Acquisition of Minera Guangshou Ecuador S.A.:
The Company entered into a letter of intent (the "Letter of Intent") with GS International Mining Co., Ltd. ("GSI") dated effective January 4, 2013, as amended March 20, 2013, with respect to the Company's acquisition (the "Acquisition") of Minera Guangshou Ecuador S.A. ("Guangshou") of Ecuador, owned 95% by GSI and 5% by World Pearl Group Limited ("WPG").
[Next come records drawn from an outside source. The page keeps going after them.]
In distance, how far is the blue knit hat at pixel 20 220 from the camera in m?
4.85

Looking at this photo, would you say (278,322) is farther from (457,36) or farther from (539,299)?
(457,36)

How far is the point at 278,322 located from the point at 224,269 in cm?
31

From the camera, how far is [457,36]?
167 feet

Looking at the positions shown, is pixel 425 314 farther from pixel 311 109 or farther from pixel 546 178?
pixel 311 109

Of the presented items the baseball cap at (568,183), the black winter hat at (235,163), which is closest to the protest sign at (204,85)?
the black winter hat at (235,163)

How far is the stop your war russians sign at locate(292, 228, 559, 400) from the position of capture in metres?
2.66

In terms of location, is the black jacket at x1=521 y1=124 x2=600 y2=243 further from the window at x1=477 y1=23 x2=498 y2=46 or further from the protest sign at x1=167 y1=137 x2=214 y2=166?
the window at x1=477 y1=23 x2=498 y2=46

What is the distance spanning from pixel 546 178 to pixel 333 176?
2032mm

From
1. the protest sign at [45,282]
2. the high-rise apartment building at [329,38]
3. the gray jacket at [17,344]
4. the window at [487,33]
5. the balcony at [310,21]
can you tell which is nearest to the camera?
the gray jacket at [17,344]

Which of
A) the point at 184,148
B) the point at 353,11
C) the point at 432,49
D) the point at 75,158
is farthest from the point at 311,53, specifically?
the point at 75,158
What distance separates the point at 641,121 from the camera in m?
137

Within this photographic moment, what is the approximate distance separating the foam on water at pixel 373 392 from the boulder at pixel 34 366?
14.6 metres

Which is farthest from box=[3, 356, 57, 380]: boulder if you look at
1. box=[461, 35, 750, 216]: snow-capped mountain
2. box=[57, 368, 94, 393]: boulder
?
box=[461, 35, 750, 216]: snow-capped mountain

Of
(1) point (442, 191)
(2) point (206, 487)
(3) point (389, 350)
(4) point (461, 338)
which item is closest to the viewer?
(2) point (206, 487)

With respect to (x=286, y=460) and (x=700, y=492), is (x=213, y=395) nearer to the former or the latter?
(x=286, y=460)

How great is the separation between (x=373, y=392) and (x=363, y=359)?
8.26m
Guangshou holds a 70% interest in the Ecuador company, JV Chinapintza Mining S.A. which holds a 100% beneficial interest in and title to an Ecuador gold mineral property located in the Viche Conguime I Concession of the Condor Gold Project in the Zamora Province of Ecuador (the "Chinapintza Property").
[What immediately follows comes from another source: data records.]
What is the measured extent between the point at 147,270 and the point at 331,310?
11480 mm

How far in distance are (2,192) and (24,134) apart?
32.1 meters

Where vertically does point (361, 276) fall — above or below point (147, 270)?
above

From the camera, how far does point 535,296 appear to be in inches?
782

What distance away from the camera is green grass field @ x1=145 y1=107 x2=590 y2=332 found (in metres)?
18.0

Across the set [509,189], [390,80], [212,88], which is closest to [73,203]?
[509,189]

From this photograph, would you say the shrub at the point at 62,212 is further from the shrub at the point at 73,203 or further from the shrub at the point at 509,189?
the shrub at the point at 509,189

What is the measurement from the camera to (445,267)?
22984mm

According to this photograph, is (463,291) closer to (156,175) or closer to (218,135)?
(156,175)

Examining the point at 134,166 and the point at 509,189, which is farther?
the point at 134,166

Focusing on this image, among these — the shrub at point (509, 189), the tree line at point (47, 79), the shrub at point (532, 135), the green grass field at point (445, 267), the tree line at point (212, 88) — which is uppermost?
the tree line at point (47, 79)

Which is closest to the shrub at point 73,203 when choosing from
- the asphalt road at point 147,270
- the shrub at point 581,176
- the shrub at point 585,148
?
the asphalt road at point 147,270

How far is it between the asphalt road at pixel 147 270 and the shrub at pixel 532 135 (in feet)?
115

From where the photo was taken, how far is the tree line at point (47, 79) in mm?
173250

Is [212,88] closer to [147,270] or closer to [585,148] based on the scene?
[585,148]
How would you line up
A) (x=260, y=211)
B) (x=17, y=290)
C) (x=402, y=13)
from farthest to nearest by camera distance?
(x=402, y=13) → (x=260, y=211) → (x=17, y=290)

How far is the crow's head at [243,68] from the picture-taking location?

The Company completed the Acquisition by way of a three cornered amalgamation (the "Amalgamation") among, the Company, 0964675 B.C. Ltd., a wholly-owned subsidiary of the Company incorporated under the laws of British Columbia, ("BB Subco") and Guangshou Ecuador Minerals Ltd., a subsidiary of GSI, incorporated under the laws of British Columbia ("GSI Subco"), resulting in GSI Subco as the new holder of 100% of Guangshou immediately prior to completion of the Acquisition.
Under the Amalgamation, the Company acquired, in exchange for 35,000,000 common shares of the Company issued to GSI (95%) and to WPG (5%) together with 1,689,375 common shares exchanged to be issued to an arm's length finder, all of the issued and outstanding shares of GSI Subco being amalgamated with the Company's BB Subco to form an amalgamated company ("Amalco") holding 100% of Guangshou.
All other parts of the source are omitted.